Breaking - Toyota halts sales of 2009, 2010 Lexus LS

In another potential PR nightmare for Toyota, the company has announced that a steering problem has halted sales of their 2009 and 2010 luxury flagships, the LS 460 and the gas/electric hybrid LS 600h.

On Friday, Toyota recalled 11,500 of the cars, including nearly 4,000 in the US. Today, Lexus stopped selling both models.

Toyota, through their Lexus luxury channel, say they have no solution to the problem, an admitted electronics problem that can cause steering wheels to fall out of alignment for a few seconds at a time.

Owners of the two models have been told to park their cars until the company develops a fix, which Toyota says should happen sometime in late June.

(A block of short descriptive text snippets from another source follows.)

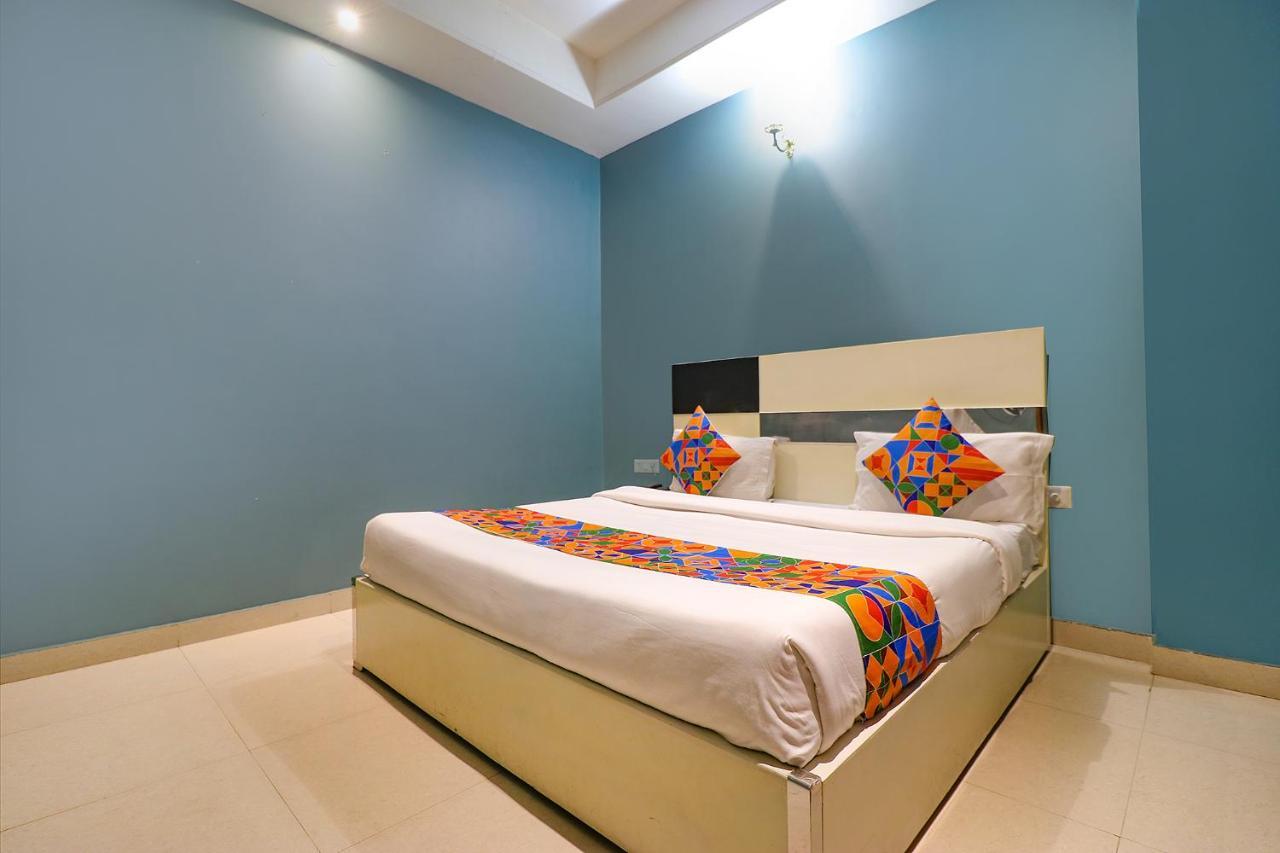 Fabhotel Church House Rohini Дели Экстерьер фото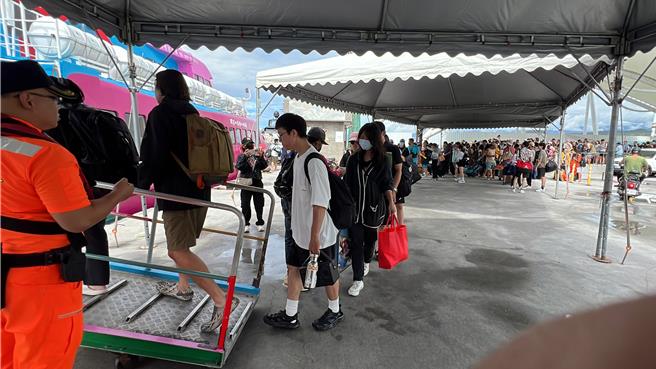 台東富岡漁港今早湧入人潮。（蔡旻妤攝）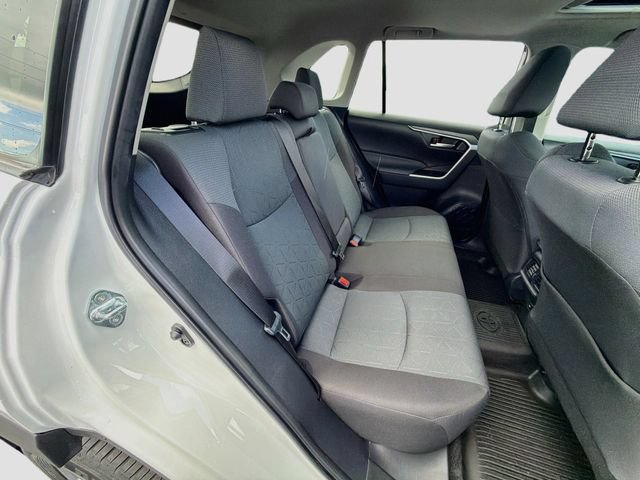 Used 2025 Toyota RAV4 XLE w/ Convenience Package FWD image 28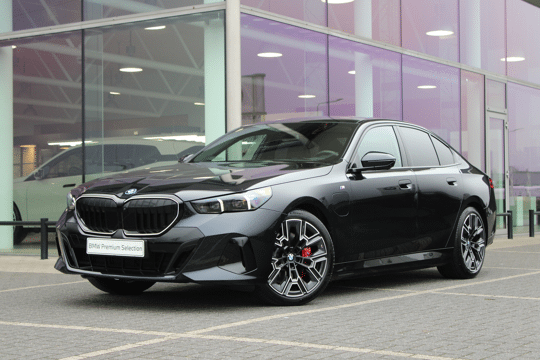 BMW 5 Serie 550e xDrive M Sport Automaat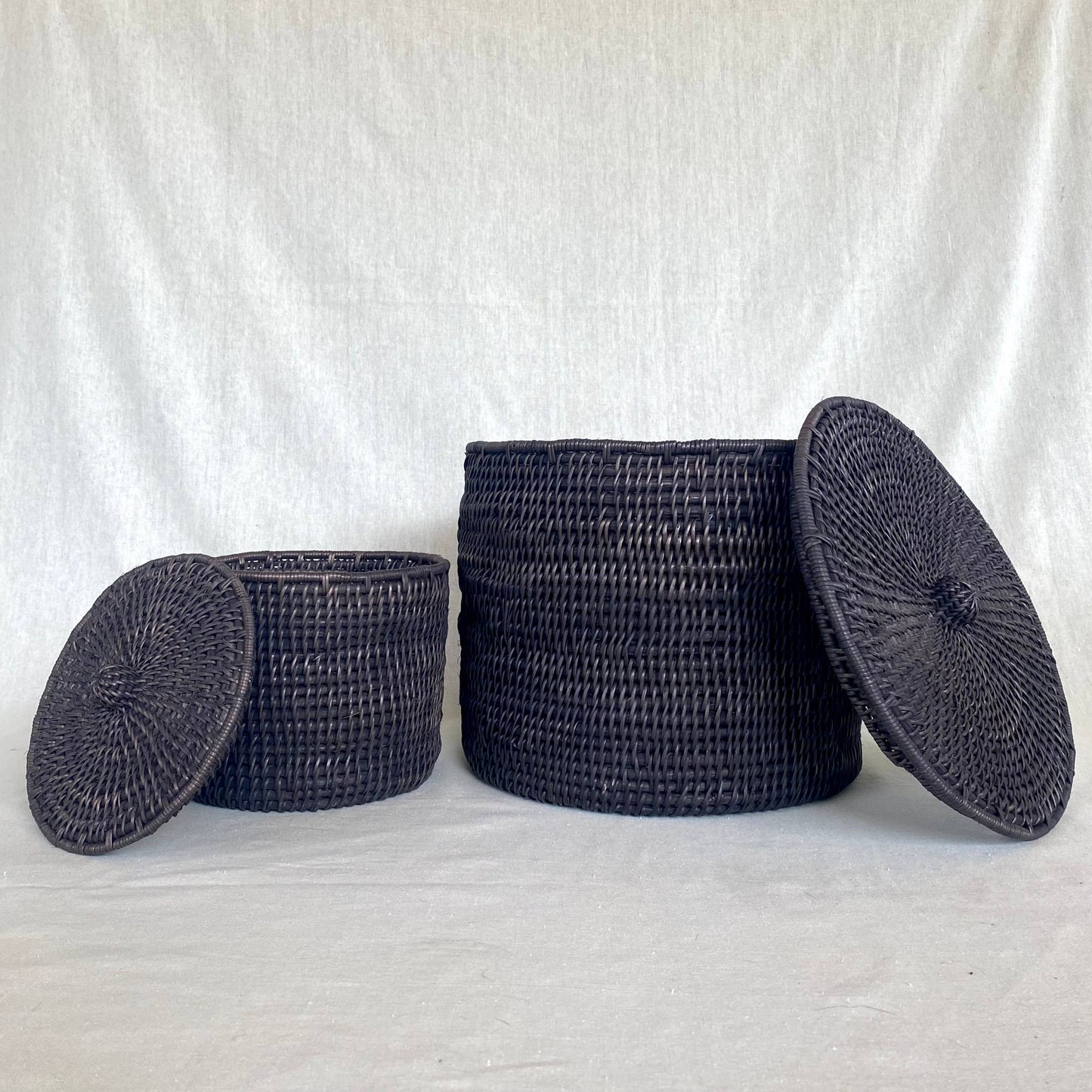 Black Lidded Makenge Storage Basket : Black / Small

According to the Los Angeles Times, which broke the initial unintended acceleration story, owners of the cars -- which have a starting price of about $65,000 for the LS 460 and $108,000 for the hybrid LS 600h -- will be receiving official notice of the recall in the mail next month.
2010-05-25-Lexus_LS600h_front_07.jpg Lexus' LS 400h hybrid sedan starts at $108,000.

The sales stoppage and recall cover cars equipped with the company's variable gear ratio steering system that's an option on the LS 460 and standard on the LS 600h.

Sales stoppages over safety concerns are rare in the auto industry, but in January Toyota ordered dealers to stop selling eight of its best-selling models after reports of unintended acceleration. That sales halt, called because the company had no remedy for the problem, lasted about two weeks.

The Lexus sales stoppage is expected to last longer. Toyota does not have a solution to the Lexus problem, which can cause the steering wheel to get stuck in a turned orientation even though the car is going straight. The steering wheel, however, can still be used to steer the car.

How should Toyota handle this one? They have absolutely blown it so far with their alleged cover-up of the unintended acceleration (UA) problems. The company eventually stopped sales of eight models and recalled some six million cars worldwide for what Toyota said was a sticky throttle cable. Many still insist that the UA trouble stems from an electronics glitch in the company's "drive by wire" system, and several US government agencies and contracted firms are involved in finding an electronics problem.

Now, with an admitted so-far-unfixable steering dilemma which is purely electronic, we say there will, and should, be more pressure on Toyota to stop worrying about their image and focus on finding and fixing these problems.

Are we right? Is Toyota spending more time ducking the truth and not working on unintended acceleration and other problems?